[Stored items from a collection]
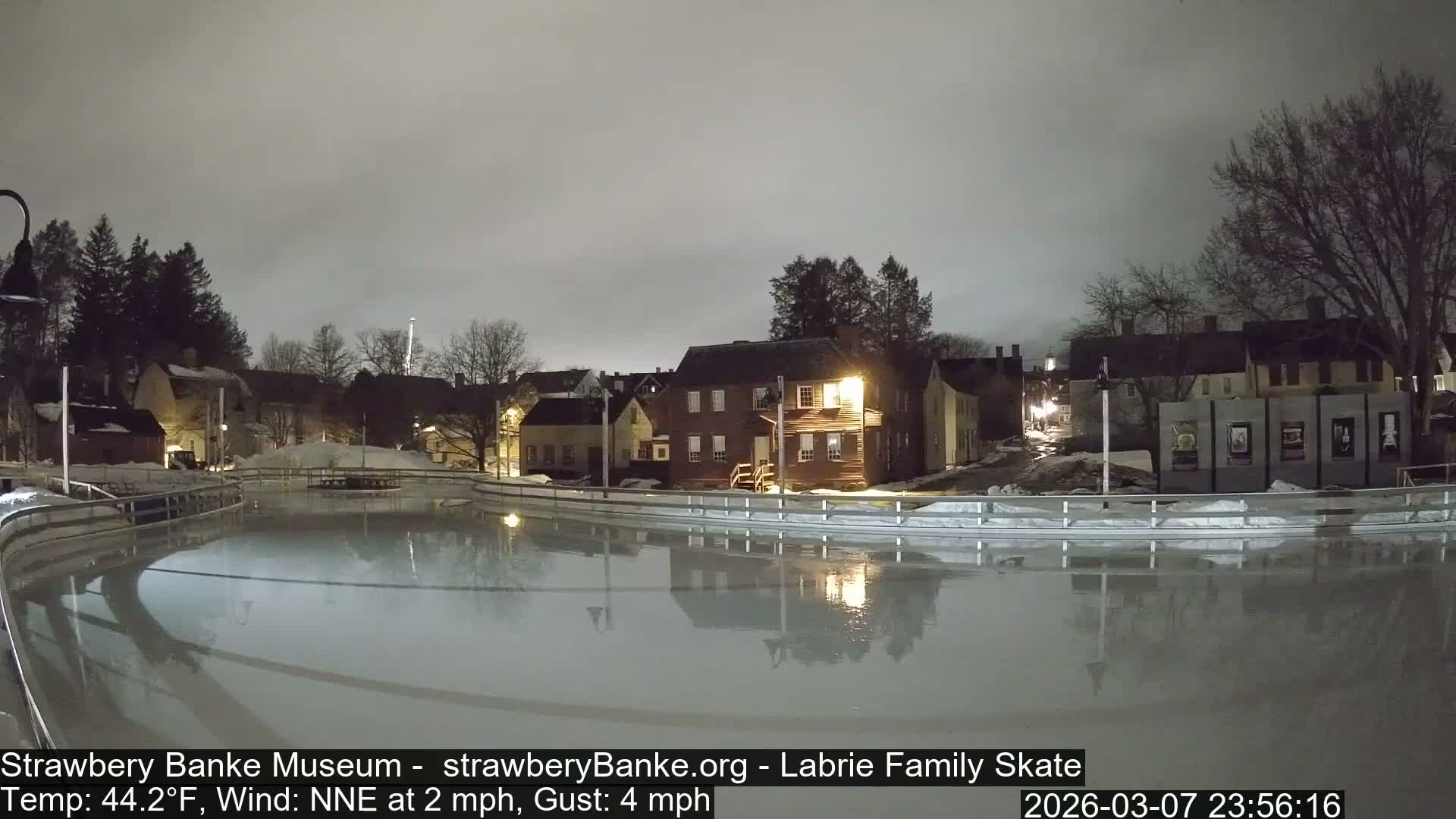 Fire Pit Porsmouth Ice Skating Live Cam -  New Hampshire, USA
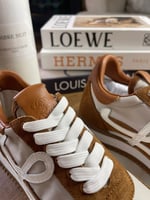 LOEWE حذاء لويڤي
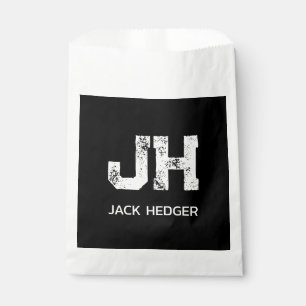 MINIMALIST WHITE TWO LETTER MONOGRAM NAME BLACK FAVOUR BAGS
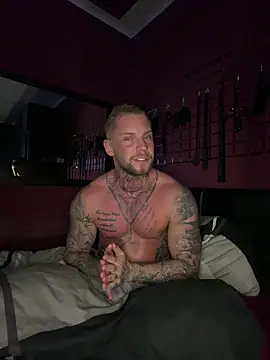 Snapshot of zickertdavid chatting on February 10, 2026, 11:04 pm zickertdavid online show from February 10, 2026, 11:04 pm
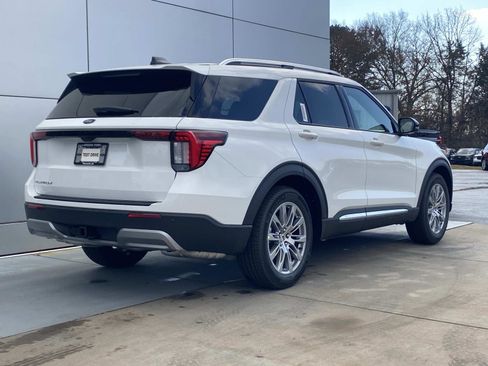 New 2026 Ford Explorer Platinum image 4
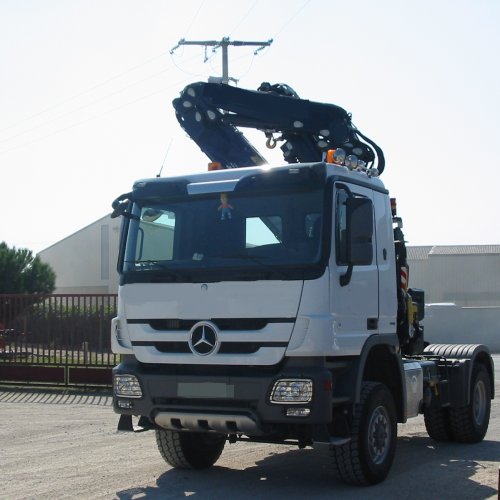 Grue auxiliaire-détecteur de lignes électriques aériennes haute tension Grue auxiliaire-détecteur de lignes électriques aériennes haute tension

- REQUIREMENT -
In the copy, include each entry exactly as written and none of the pictures.

- YOUR RESPONSE -
 Fire Pit Porsmouth Ice Skating Live Cam -  New Hampshire, USA
 LOEWE حذاء لويڤي
 MINIMALIST WHITE TWO LETTER MONOGRAM NAME BLACK FAVOUR BAGS
 Snapshot of zickertdavid chatting on February 10, 2026, 11:04 pm zickertdavid online show from February 10, 2026, 11:04 pm
 New 2026 Ford Explorer Platinum image 4
 Grue auxiliaire-détecteur de lignes électriques aériennes haute tension Grue auxiliaire-détecteur de lignes électriques aériennes haute tension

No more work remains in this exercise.